TASK DETAILS :: The line with "BathroomBathrooms,Residential,For Rent,Winchester,0,1008097 24" marks the first line to copy, and the line with "Additional image 20" marks the last. Transcribe that stretch of the data below exactly, without pictures.

[[ INPUT DATA, beginning ]]

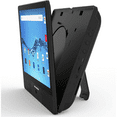 thumbnail image 5 of Restored Sylvania 10.1" Quad Core Tablet/Portable DVD Player Combo, 1GB/16GB, Android 10 W/ Headphones SLTDVD1024-Combo - (Refurbished), 5 of 7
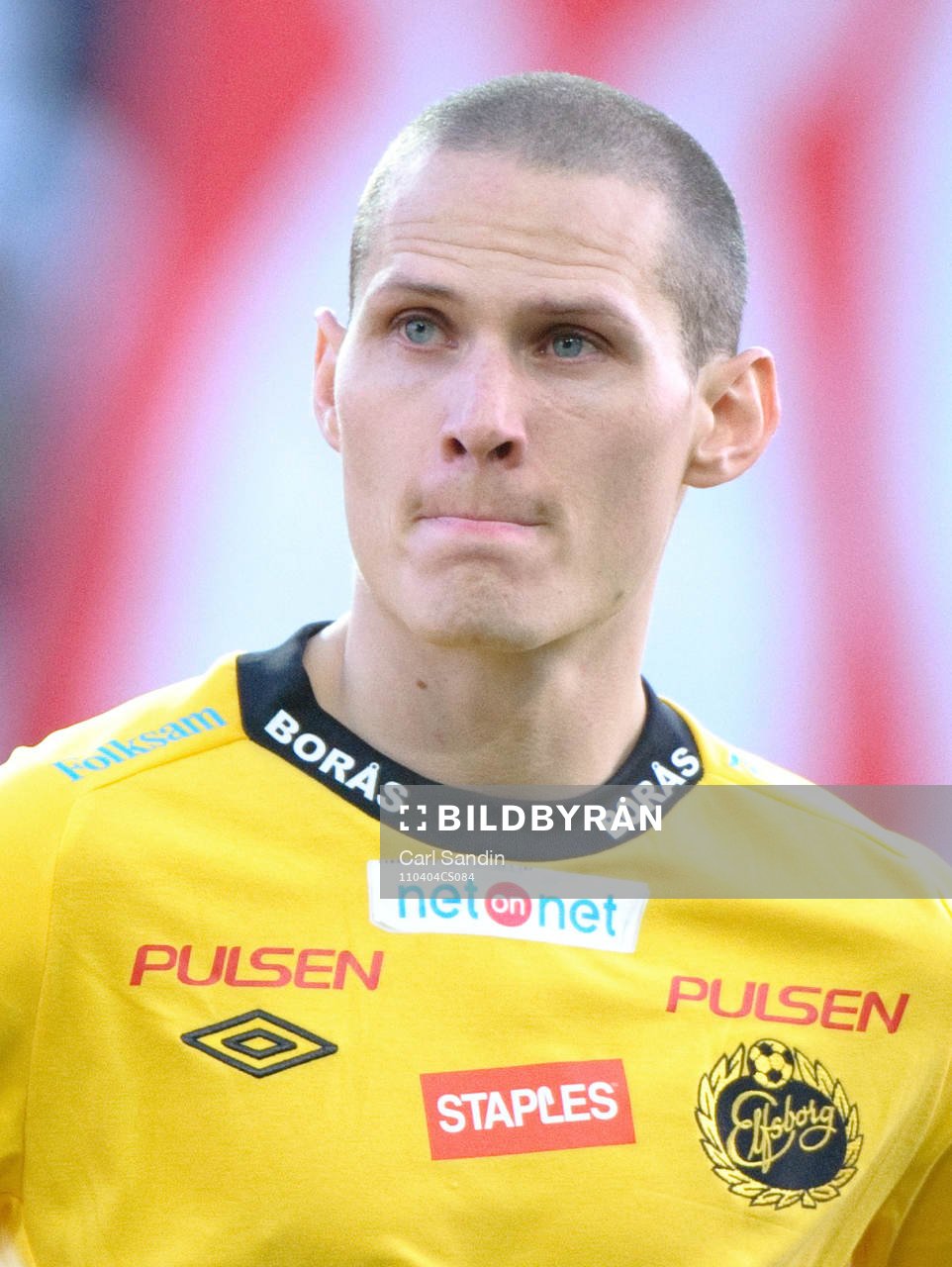 Jon Jönsson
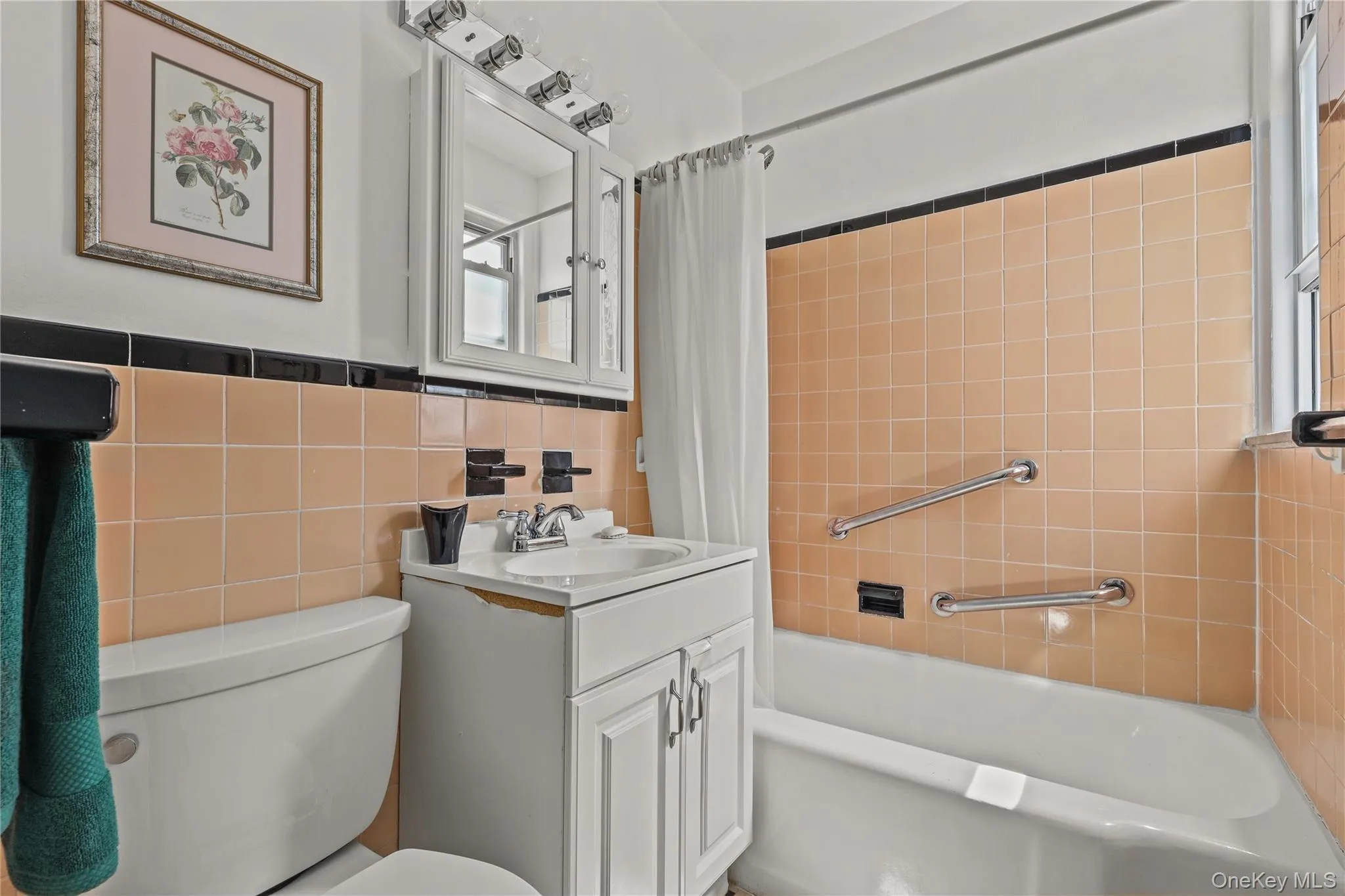 24 Winchester Avenue, Yonkers, NY, 2 Rooms Rooms,1 BathroomBathrooms,Residential,For Rent,Winchester,0,1008097 24 Winchester Avenue, Yonkers, NY, 2 Rooms Rooms,1 BathroomBathrooms,Residential,For Rent,Winchester,0,1008097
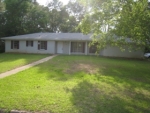 805 MEADOW HILL DR Clinton, MS 39056 - Image 800120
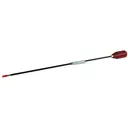 J. Dewey Rod - J-Dewey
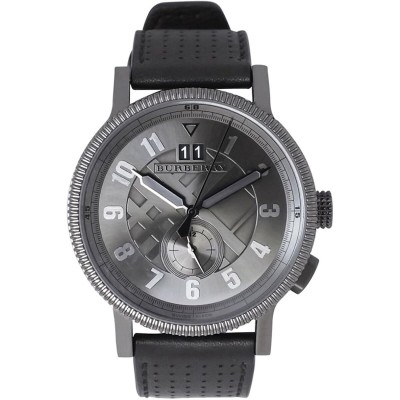 Men's Watch Burberry BU7682...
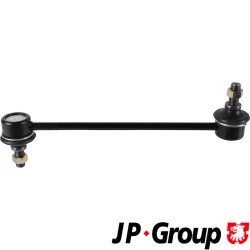 PartzBiz CE 3250500100 - Link/Coupling Rod, stabiliser PartzBiz CE 3250500100 - Link/Coupling Rod, stabiliser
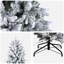 Christmas Tree-223712024-223712025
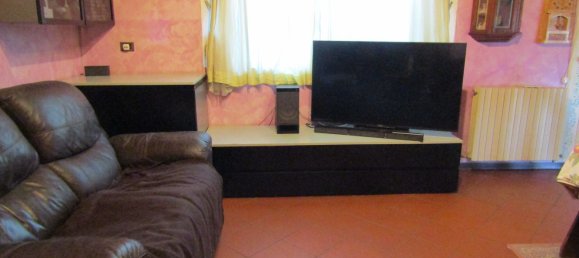 5-Zimmer Villa in Vigarano Mainarda, Italy, Nr. 140661 10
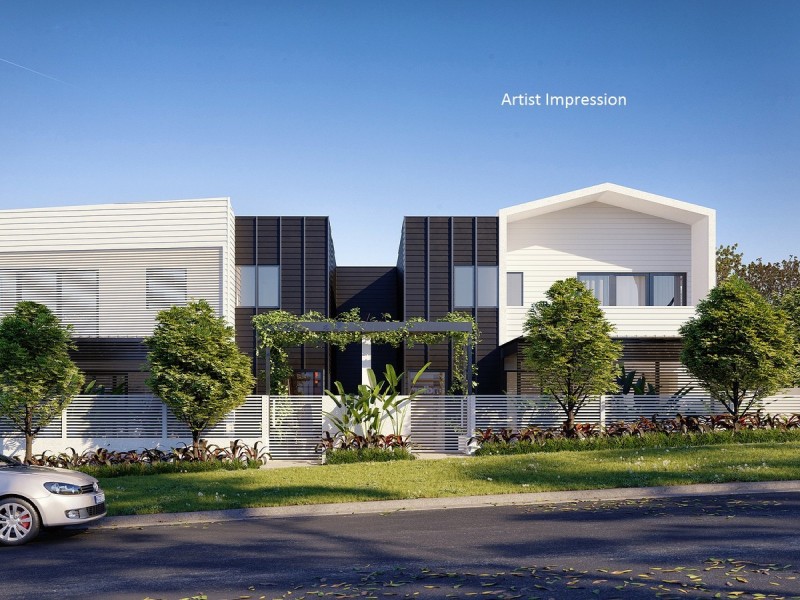 36A Wyberba Street, Tugun QLD 4224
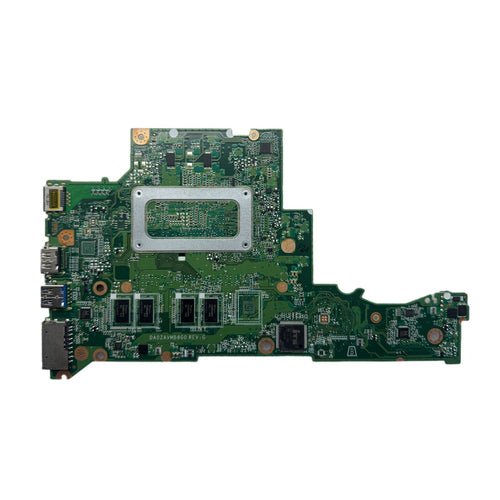 Acer Aspire A315-51 Motherboard DA0ZAVMB8G0 with i5-7200U Processor and 4GB RAM - Bighao-Era Laptop part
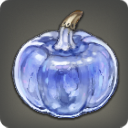Glass Pumpkin - Miscellany - Items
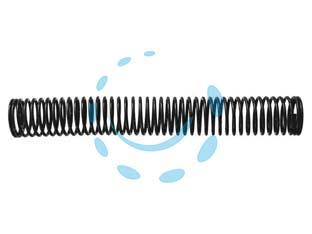 1762531355204-mollaprotezionetubocarburantepermotosegaleggeracc254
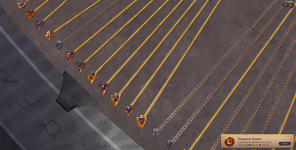 Screenshot 2023-09-09 192955.png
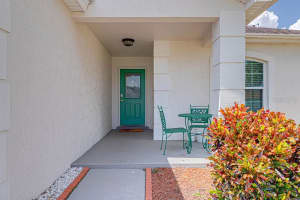 2651 AUTUMN CREEK CIRCLE, KISSIMMEE, FL 34747 Sold 11/25/25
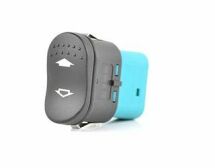 Кнопка склопідйомника Transit (V347) 06- Кнопка склопідйомника Transit (V347) 06-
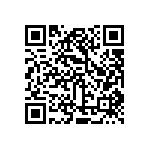 RP17-13JA-12SC-71 QRCode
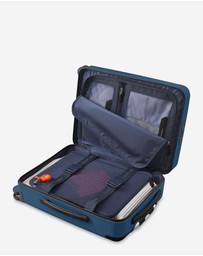 Maison De Sabre - The Carry-On Suitcase
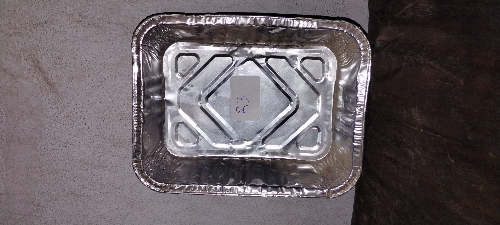 R3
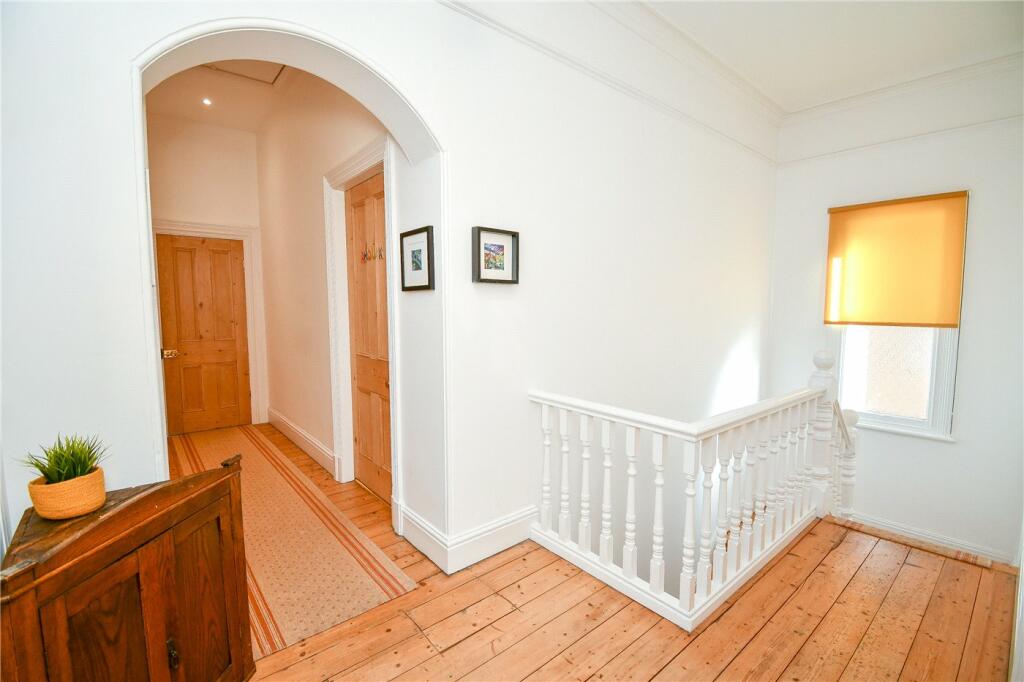 Additional image 20 of Mostyn Avenue, West Kirby, Wirral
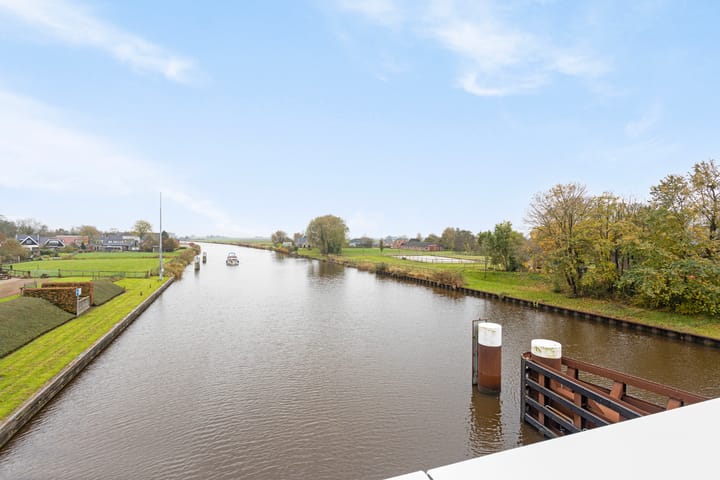 Foto 11 van Reindersbuorren 2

[[ INPUT DATA, end ]]

ANSWER ::
 24 Winchester Avenue, Yonkers, NY, 2 Rooms Rooms,1 BathroomBathrooms,Residential,For Rent,Winchester,0,1008097 24 Winchester Avenue, Yonkers, NY, 2 Rooms Rooms,1 BathroomBathrooms,Residential,For Rent,Winchester,0,1008097
 805 MEADOW HILL DR Clinton, MS 39056 - Image 800120
 J. Dewey Rod - J-Dewey
 Men's Watch Burberry BU7682...
 PartzBiz CE 3250500100 - Link/Coupling Rod, stabiliser PartzBiz CE 3250500100 - Link/Coupling Rod, stabiliser
 Christmas Tree-223712024-223712025
 5-Zimmer Villa in Vigarano Mainarda, Italy, Nr. 140661 10
 36A Wyberba Street, Tugun QLD 4224
 Acer Aspire A315-51 Motherboard DA0ZAVMB8G0 with i5-7200U Processor and 4GB RAM - Bighao-Era Laptop part
Glass Pumpkin - Miscellany - Items
 1762531355204-mollaprotezionetubocarburantepermotosegaleggeracc254
 Screenshot 2023-09-09 192955.png
 2651 AUTUMN CREEK CIRCLE, KISSIMMEE, FL 34747 Sold 11/25/25
 Кнопка склопідйомника Transit (V347) 06- Кнопка склопідйомника Transit (V347) 06-
 RP17-13JA-12SC-71 QRCode
 Maison De Sabre - The Carry-On Suitcase
 R3
 Additional image 20 of Mostyn Avenue, West Kirby, Wirral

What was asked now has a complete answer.